Simulation Evaluation

Always evaluate in simulation first, even if you have a real robot. Sim evaluation is fast, safe, and gives you a reproducible baseline number you can compare to after retraining.

source ~/lerobot-env/bin/activate # Evaluate your best checkpoint (replace step_050000 with your checkpoint step) python -m lerobot.scripts.eval \ --pretrained-policy-name-or-path \ ~/lerobot-policies/pick-place-v1/checkpoints/step_050000 \ --env.name gym_pusht/PushT-v0 \ --eval.n-episodes 20 \ --eval.use-async-envs false # Outputs: success_rate, mean_reward, episode_videos/
What to expect: A well-trained policy on 50 sim demonstrations should achieve 60–85% success rate in MuJoCo. Below 40% suggests a dataset quality issue. Above 85% means the task is too easy or the sim environment is too forgiving — try a harder variant.

Real Robot Safety Checklist

If you are evaluating on a real robot, run through this checklist before your first rollout. An untested policy can move in unexpected ways.

  • Clear the workspace of any objects not part of the task. The policy learned to act in a specific visual context — unexpected objects can cause erratic behavior.
  • Stay at the emergency stop (E-stop) or be ready to press Ctrl+C for the entire evaluation session. Do not walk away from a running policy.
  • Start with speed limited to 50% maximum. Reduce to 30% if the first trial looks jerky or imprecise.
  • Position objects to match your training workspace setup exactly. Use the same camera angle, same lighting, same object colors. Distribution shift is the most common cause of zero real-world success rate.
  • Never evaluate above the physical stop limits of your robot joints. Check these in your robot config before the first run.

Real Robot Evaluation Protocol

Run exactly 20 trials. This gives you enough samples for a reliable success rate estimate (±10% at the 95% confidence level). Record each trial on video — you will need the footage to diagnose failure modes.
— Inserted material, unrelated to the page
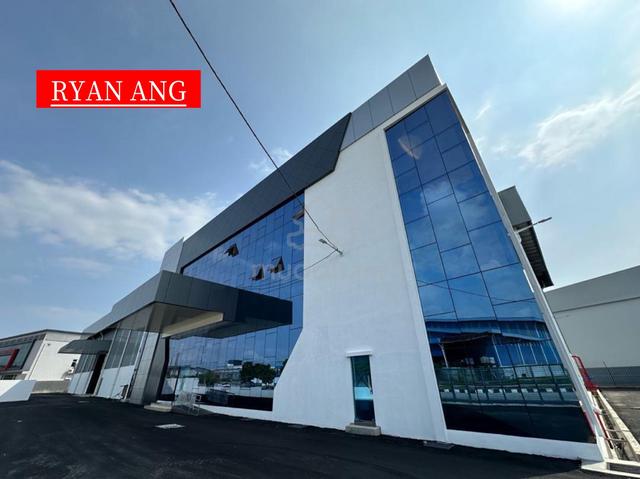 Bukit Minyak Penang Science Park Brand New Detached Factory For Sale 1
# Run the policy on your real robot python -m lerobot.scripts.control_robot \ --robot-path lerobot/configs/robot/so100.yaml \ --control-mode eval \ --pretrained-policy-name-or-path \ ~/lerobot-policies/pick-place-v1/checkpoints/step_050000 \ --eval.n-episodes 20 \ --record-video 1

After each trial, manually score it: 1 for complete task success, 0 for any failure (partial grasps, drops, misses). Your success rate is the sum divided by 20.

Diagnosing Failure Modes

Watch your video recordings and categorize failures. Most failures fall into one of three categories:

Data quality

Inconsistent approach trajectory — the arm never fully commits to the grasp

The policy is averaging across multiple grasp strategies in your training data. This happens when some demonstrations approach from the left and others from the right, or when gripper close timing is inconsistent. Fix: re-record with a single, deliberate strategy throughout all demonstrations.

Model capacity

Trajectory looks reasonable but precision is off by 1–2cm consistently

The model is learning the right behavior but lacks the capacity to be precise. This happens when chunk_size is too short (not enough planning horizon) or when dim_feedforward is too small. Fix: increase chunk_size to 150, retrain. Or add more diverse demonstrations to regularize the network.

Distribution shift

Works perfectly in some positions, fails completely in others

The object positions during evaluation are outside the distribution of your training data. The policy has not seen those positions before. Fix: collect more demonstrations with more diverse object positions, or constrain your evaluation to positions that are well-represented in your training data.

Unit 5 Complete When...

You have run 20 evaluation trials (in sim or on your real robot) and measured a success rate. You have watched all failure-mode videos and identified whether the primary failure is data quality, model capacity, or distribution shift. You have this diagnosis written down — you will use it to guide your data collection in Unit 6.